The euphoria surrounding the legalization of iGaming in New Jersey and the potential creation of interstate gambling in Nevada quickly made its way to the stock market over the last two weeks, driving up shares of operators such as Caesars Entertainment (CZR), Boyd Gaming (BYD), and social gaming powerhouse Zynga (ZNGA).
But with a series of challenges facing the near-term profit potential for those operators – challenges I discussed in detail a week ago – it appears some analysts are moving down the industry’s supply chain, and looking at the potential benefits of US iGaming for gambling equipment companies, including slot machine makers such as International Gambling Technology (IGT) and Bally Technologies (BYI), plus diversified gaming supplier SHFL Entertainment (SHFL). Investor’s Business Daily highlighted IGT last week, arguing that the company was set “to cash in” in New Jersey. Bloomberg television made a similar case the day before. Reporter Dominic Chiu, after speaking with Wall Street analysts, argued that “people who make the physical games that go into the casino themselves, they’ve already got a system or a game in place. They would just have to look to take it to the online arena,” specifically citing IGT, Bally, and WMS Industries (WMS) (soon to be acquired by Scientific Games (SGMS)).

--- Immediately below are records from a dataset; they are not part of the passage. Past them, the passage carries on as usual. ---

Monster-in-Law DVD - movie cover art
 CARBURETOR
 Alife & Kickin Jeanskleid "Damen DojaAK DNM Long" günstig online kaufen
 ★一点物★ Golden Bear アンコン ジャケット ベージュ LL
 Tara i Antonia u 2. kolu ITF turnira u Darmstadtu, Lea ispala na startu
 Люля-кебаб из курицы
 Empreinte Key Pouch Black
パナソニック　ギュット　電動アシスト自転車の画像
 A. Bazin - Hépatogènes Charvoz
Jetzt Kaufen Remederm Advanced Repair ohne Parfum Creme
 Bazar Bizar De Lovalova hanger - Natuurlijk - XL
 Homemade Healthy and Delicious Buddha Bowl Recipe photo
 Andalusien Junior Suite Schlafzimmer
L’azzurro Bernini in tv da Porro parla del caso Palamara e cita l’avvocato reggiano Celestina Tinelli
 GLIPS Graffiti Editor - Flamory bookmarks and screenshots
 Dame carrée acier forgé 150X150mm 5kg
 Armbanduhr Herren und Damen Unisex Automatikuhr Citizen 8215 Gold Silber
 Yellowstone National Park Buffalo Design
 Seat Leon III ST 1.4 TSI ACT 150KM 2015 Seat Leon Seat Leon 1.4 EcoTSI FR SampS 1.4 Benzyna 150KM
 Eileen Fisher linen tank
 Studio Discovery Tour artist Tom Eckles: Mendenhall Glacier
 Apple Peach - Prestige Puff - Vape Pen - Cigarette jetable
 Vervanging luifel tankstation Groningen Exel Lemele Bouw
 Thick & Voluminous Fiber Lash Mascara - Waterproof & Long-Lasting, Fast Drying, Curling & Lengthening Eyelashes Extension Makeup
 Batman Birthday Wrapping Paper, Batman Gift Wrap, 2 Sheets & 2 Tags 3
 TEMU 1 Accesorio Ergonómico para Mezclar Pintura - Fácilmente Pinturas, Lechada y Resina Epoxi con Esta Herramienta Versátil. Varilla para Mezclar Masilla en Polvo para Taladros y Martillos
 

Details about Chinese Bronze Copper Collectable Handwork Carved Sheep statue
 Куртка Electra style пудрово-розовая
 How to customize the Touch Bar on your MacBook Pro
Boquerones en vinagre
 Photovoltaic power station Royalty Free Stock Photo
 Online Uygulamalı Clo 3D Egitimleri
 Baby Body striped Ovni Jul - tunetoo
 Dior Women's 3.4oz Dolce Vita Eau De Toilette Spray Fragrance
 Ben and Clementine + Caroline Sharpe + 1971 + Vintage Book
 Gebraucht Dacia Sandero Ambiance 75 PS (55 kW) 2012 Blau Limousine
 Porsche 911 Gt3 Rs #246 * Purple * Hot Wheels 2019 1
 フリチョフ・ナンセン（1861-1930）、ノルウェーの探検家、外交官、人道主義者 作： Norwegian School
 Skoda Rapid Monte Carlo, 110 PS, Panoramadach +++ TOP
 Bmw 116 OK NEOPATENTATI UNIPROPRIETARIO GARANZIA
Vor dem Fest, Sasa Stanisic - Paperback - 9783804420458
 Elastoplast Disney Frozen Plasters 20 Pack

Despite the optimism of these observers, stocks in the space have been relatively unaffected. IGT trades below its levels from early February; SHFL has barely budged, and BYI has actually fallen since the Nevada and New Jersey announcements. This may be because the larger market realizes that, like their brick-and-mortar casino customers, equipment manufacturers may see significant headwinds from US online gambling. One fear that spreads across the gambling industry is that of “cannibalization”: namely, whether the new revenues from iGaming will take away from legacy land-based spending, and if so, to what extent. As I noted a week ago, estimates of the phenomenon vary; as analyst Andrew Zarnett said last month, “It all depends on which number you choose to believe.” Can IGT – long-dominant in video poker – license its video poker content to iGaming operators in New Jersey, adding a new revenue stream and creating new players on brick-and-mortar machines in Atlantic City (or elsewhere)? Or will much of its iGaming revenues come from players who simply skip the drive to Caesars Atlantic City and spend a few hours playing comfortably on an iPad in their living room?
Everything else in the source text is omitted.